We know Pennsylvania will lose one congressional seat this year. When the Republicans who control the redistricting process look at how to redraw the lines to their advantage, their best bet is to pit Democrats Jason Altmire and Mark Critz against each other, the Washington Post opines today:
Republicans draw together Altmire's 4th district and Critz's 12th district by combining the incumbents' homes in the northern Pittsburgh suburbs and Johnstown, respectively. Altmire's district remains largely the same except for extending an arm out east to Johnstown. The rest of Critz's district gets divided between three GOP districts -- Rep. Glenn Thompson's (R-Pa.) 5th district, Rep.

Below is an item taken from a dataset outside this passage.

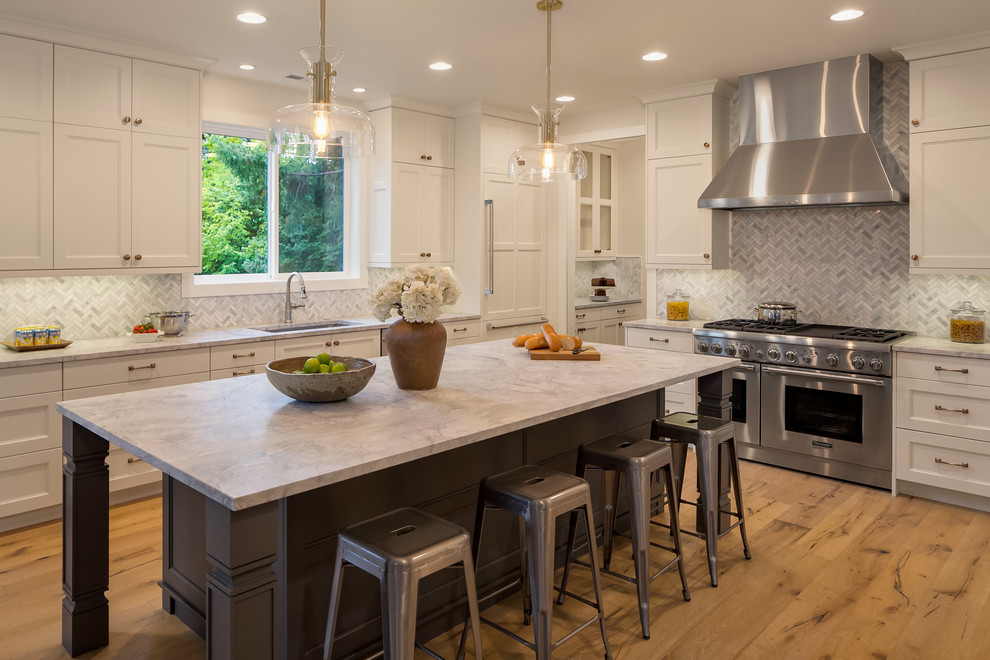 Mid-sized transitional l-shaped open plan kitchen in Seattle with an undermount sink, shaker cabinets, white cabinets, panelled appliances, medium hardwood floors, with island, marble benchtops, multi-coloured splashback and terra-cotta splashback.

Bill Shuster's 9th (R-Pa.), and Rep. Tim Murphy's (R-Pa.) 18th.
Holden, meanwhile, actually gets safer. His 17th district reaches up into Democratic-leaning Scranton in the northeast to make things a little easier for freshman Rep. Lou Barletta (R), who holds a pretty tenuous 11th district right now. (Barletta beat longtime Democratic Rep. Paul Kanjorski in 2010.)

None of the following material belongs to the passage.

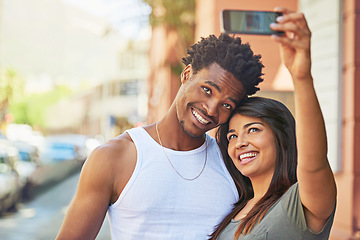 Image showing Couple, smile and phone selfie in city for summer vacation, travel adventure and fun together outdoor. Happy black man or woman with 5g mobile smiling for social media photo in Puerto Rico on holiday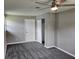 Cozy bedroom with soft carpeting, a ceiling fan, and closet space at 2152 Mckinley St, Clearwater, FL 33765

This is seen as a safe maneuver for the GOP, which screwed up in the last redistricting in 2001 by being too aggressive and drawing lines that handed over the majority of the state's delegation to Democrats by 2006.
Critz's base in Johnstown is already worried about losing their seat, the Tribune-Democrat reports -- led by businessman Mark Pasquerilla, the city's business boosters are hiring a GOP lobbyist and doing a fundraising campaign to fight for the 12th District seat.
Due to population losses, southwestern Pa could also bear the brunt of changes to state House and Senate seats too, according to some experts.